Customers are keeping a close eye on the company, viewing it as an example of how to make a transition to the Internet-based economy using Oracle products.
At the Oracle Applications Users Group (OAUG) conference here last week, an Oracle executive said the company is about halfway to its goal of reducing 2,500 information technology staff members to just 500, redeploying the freed-up employees to customer support and reducing the number of data centres and independent sales teams.
Cutting Costs and Complexity
Oracle President Ray Lane said that as a result, the company has achieved a $200 million savings so far in operating costs.
"When you have multiple data centres, you're spending a lot of money," said Ron Wohl, Oracle's executive vice president for applications development, adding that the complexity of the original system also slowed down the corporation. "How do you optimise a deployment of personnel if your HR skill information is fragmented across 30 or 40 different instances?"
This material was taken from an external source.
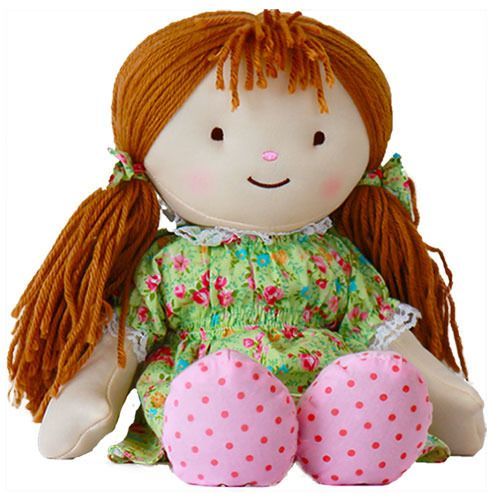Stoffpuppe mit rotem Haar, grünem Kleid mit Blumenmuster und rosa gepunkteten Füßen. Gesicht mit Augen, Nase und Mund.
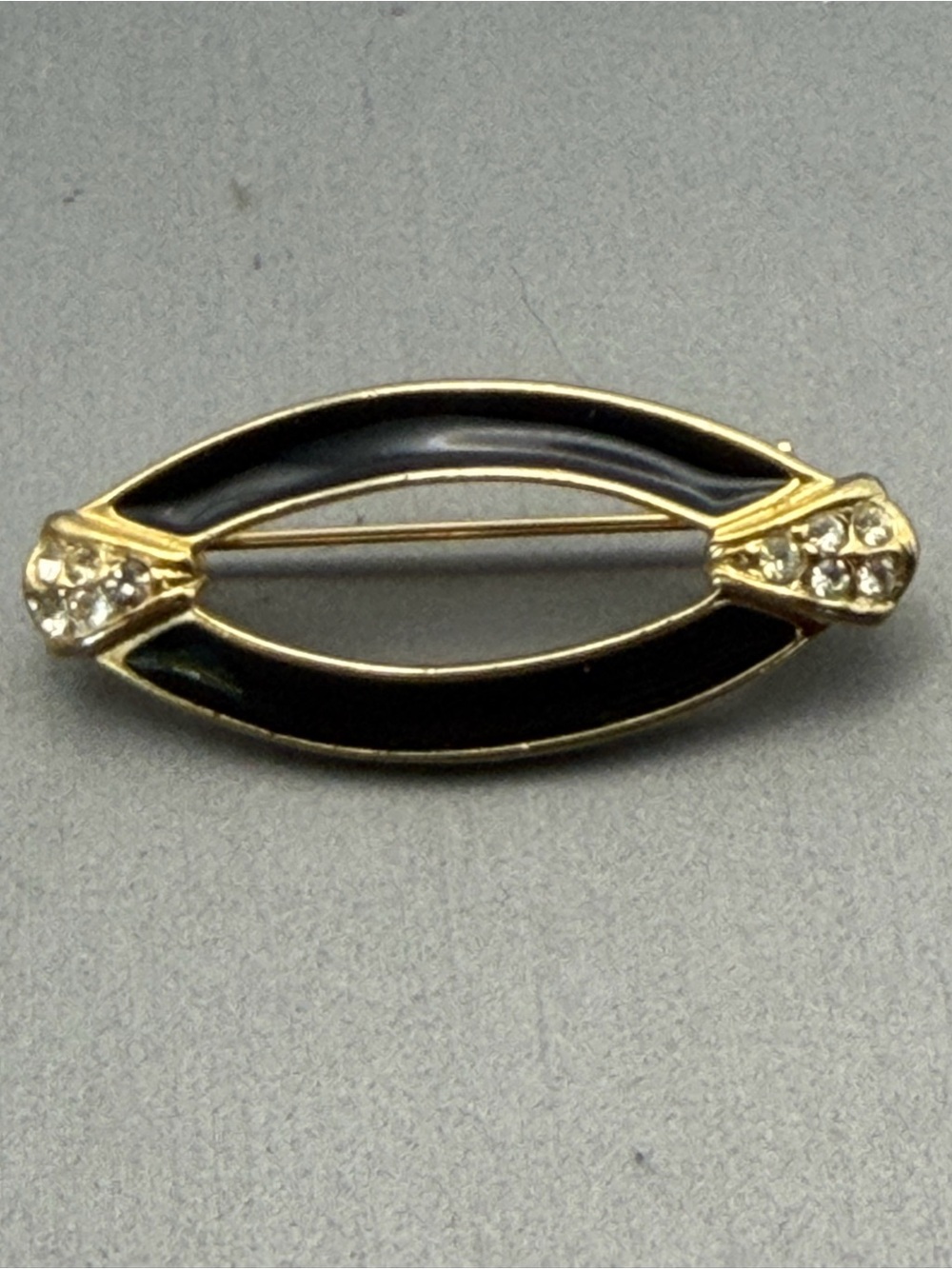 Oval Gold-Tone Black Enamel Brooch with Clear Crystal Accents Vintage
"I like to see them applying the product to their own organisation [and] cutting out the mundane parts," said Mark Adam, a consultant at Minneapolis-based Orion Consulting who just finished installing Oracle's new HR Payroll application for a client.
The goal, Wohl told the OAUG, is to move to a self-service, fully automated approach in which all the details of Oracle's relationships with its customers are tracked.
Although the full eBusinessSuite that Oracle is deploying in-house won't ship until the end of this month, some Oracle customers have already begun integrating their operations, using early release versions of the software, earlier versions or a combination of the two.
For example, 20 customers are using the hosted version of eBusinessSuite 11i, Wohl said.
"The Oracle eBusinessSuite allowed us to focus on internal and external strategies simultaneously," said Drew Harris, information systems director at Cambridge, Massachusetts-based Nantucket Allserve Inc., which makes Nantucket Nectars juices.
The company went live with Version 11.03 on March 1 and plans to migrate to 11i in September.
"Our staff had been struggling with 600,000 cases [of juice] a month," Harris said. "Now, with the same staff, we could double or triple that - we don't know what the limit will be."